Step back to FindNeighbors instead of FINDNODE

zilm13 commented 4 years ago

Hi, @fjl

I made some research with simulation including case in neighbors lookup we were talking about: in reply to query FINDNODE(d) return nodes not only from d, but, for example, from buckets with smaller index, if there are less than 16 ENRs in d bucket.

Research is here: https://hackmd.io/@zilm/BykU7RRGL Simulator made in Kotlin is here: https://github.com/zilm13/discv5/tree/161315190a647552aec64e800c13e92aa89a5282

My findings is that returning nodes from <= buckets doesn't work: while being better than current V5 method with young nodes, it becomes worse in a mature network, where most nodes have top buckets full. So I think that it's not a good idea.

But my research shows that overall V5's FINDNODE method always uses more traffic and is slower than V4's FindNeighbors. Traffic is not an issue for Discovery as protocol usage is negligible compared to blocks and other, but lookup time is an issue, especially when we are going to use it in topics search. So, I think it's better to step back here and use method with peerId/hash input.

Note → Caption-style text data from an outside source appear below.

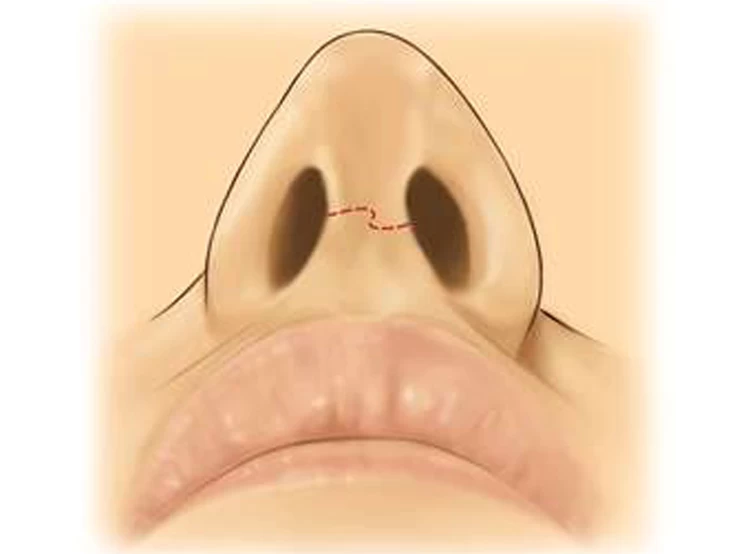الندبات على الأنف بعد جراحة الأنف التجميلية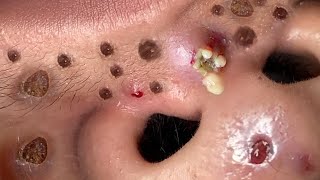 Blackhead Removal With Sac Dep Spa 100074089 [upl. by Yrailih]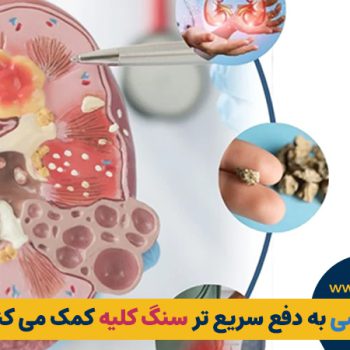 آیا رابطه جنسی به دفع سریع تر سنگ کلیه کمک می کند؟ (راهنمای عملی و بدون سانسور) | مطب ۳۶۵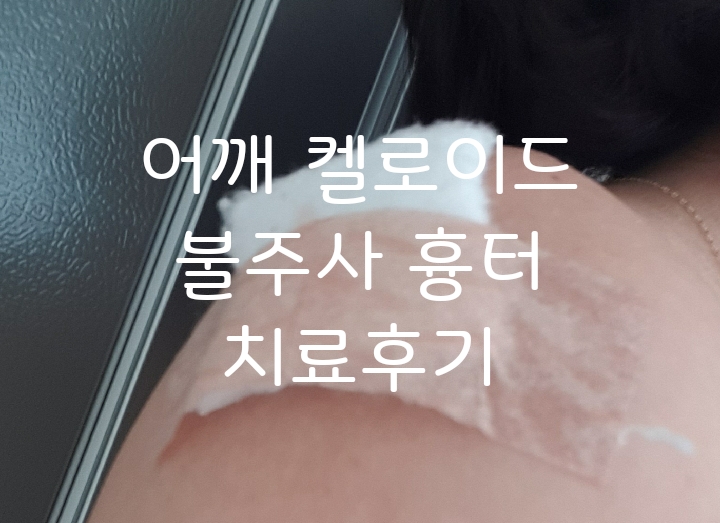  어깨켈로이드치료 불주사자국 켈로이드흉터 치료후기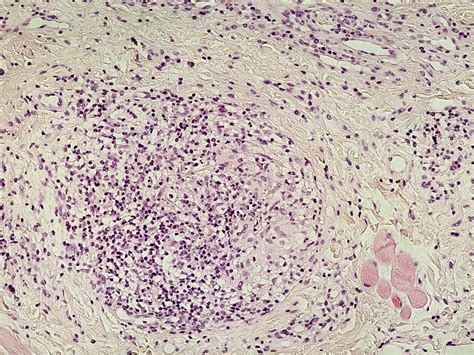 Melkersson-Rosenthal syndroom (cheilitis granulomatosa)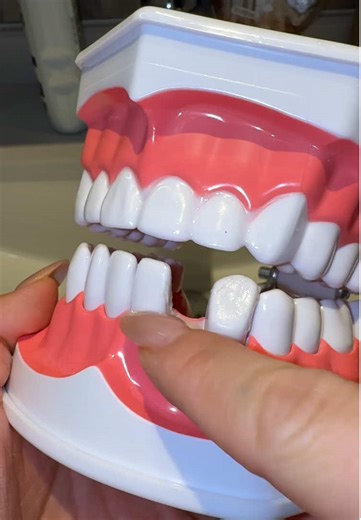 DIY Fake Tooth in One Minute: Quick Guide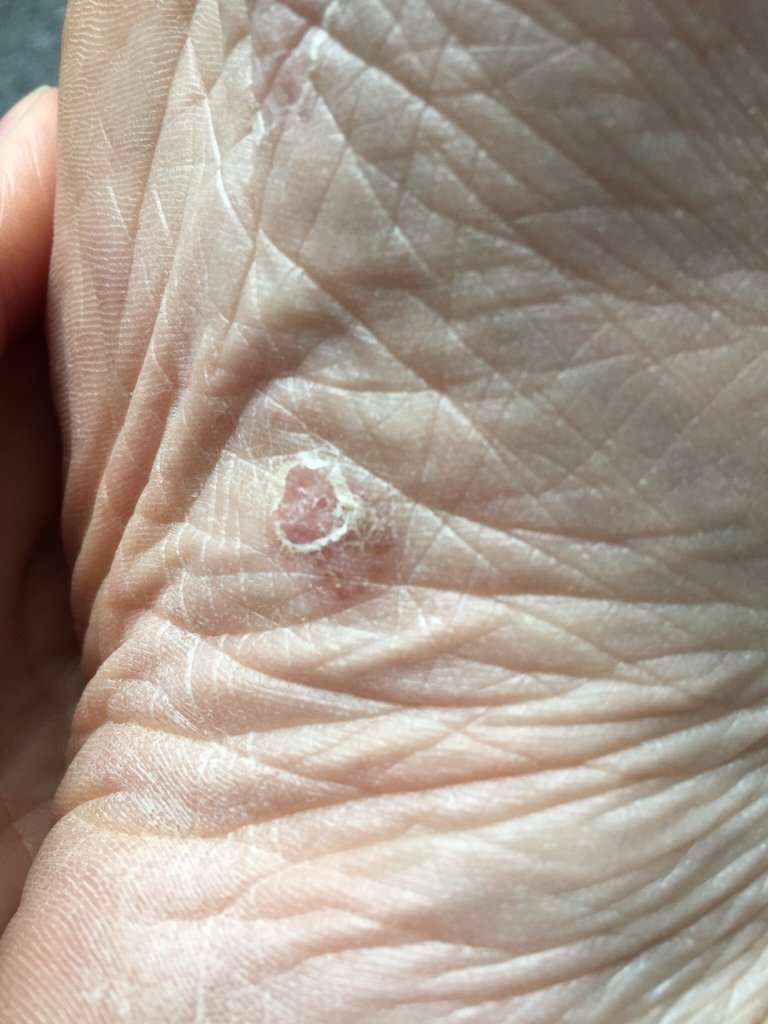 Blisters on feet/lumps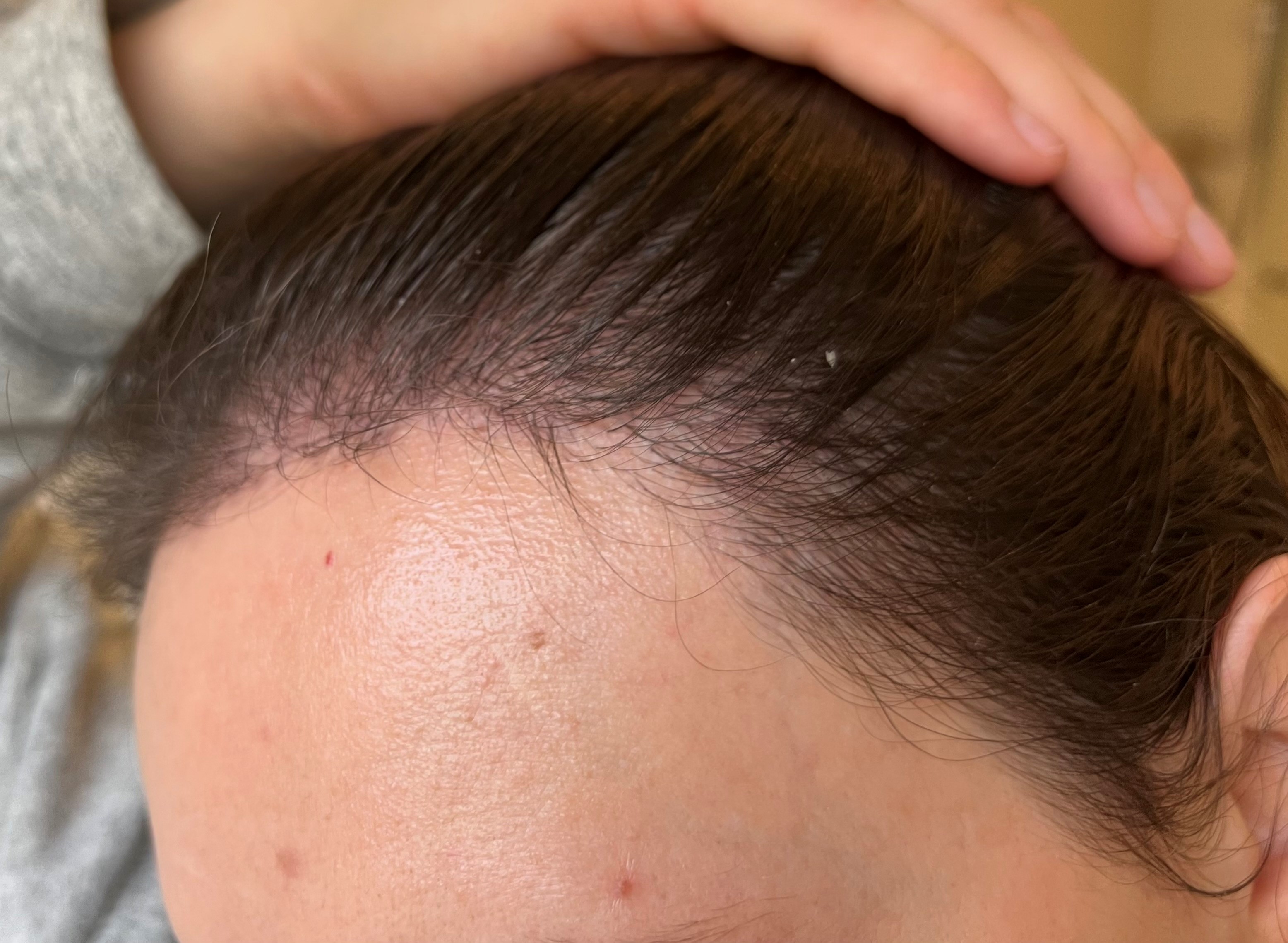 /foren/transplant/index.php/fa/56181/0/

But, if we stick with FINDNODE, you should add to specification some changes you already did in Geth:

limit number of FINDNODE requests to 3 per every node lookup
ask developers to verify distances for every node in NODES reply

It will help other developers to implement V5 better.

fjl commented 4 years ago

Thank you for this very comprehensive report. I think your report shows that the idea to use the bucket index in FINDNODE is not the best choice. We knew it's not optimal, but your text shows we should definitely improve it. I don't want to switch back to the discovery v4 semantics because it is much easier to attack the FindNeighbors message.

One thing I couldn't figure out is whether you are limiting the FindNodesStrict strategy to three requests per node. It doesn't look like it in the code. Maybe we should simulate that too.

Something else that might be a misunderstanding in the Java/Kotlin implementation of the protocol:

Original Kademlia and both V4 and V5 Discovery implementations require testing whether the head peer is alive when adding new peers to any full bucket[21].

In the discovery v5 spec, we explicitly recommend to use asynchronous liveness checks and a replacement cache.

zilm13 commented 4 years ago

I don't want to switch back to the discovery v4 semantics because it is much easier to attack the FindNeighbors message.

The issue is that current V5 semantics could be attacked in the same way. So, what ideas do you have?

One thing I couldn't figure out is whether you are limiting the FindNodesStrict strategy to three requests per node

I've not limited it, because I did simulator from spec, not from Geth code. I checked your code later. And, the set of nodes called Old network provides the similar outcome you get with such limit, because the worse node in that network have 3 top buckets full, and you always have more than 16 nodes in any table. Yeah, there is a small chance that you fall in a small index, but it's really small. I could test it explicitly, with copying your rule but it will be very similar to the results of Mature network simulation.

Something else that might be a misunderstanding in the Java/Kotlin implementation of the protocol

Yeah I remember this, but simulator should be simplified a bit. And I didn't have down nodes of any kind in this simulation.

fjl commented 4 years ago

The issue is that current V5 semantics could be attacked in the same way. So, what ideas do you have?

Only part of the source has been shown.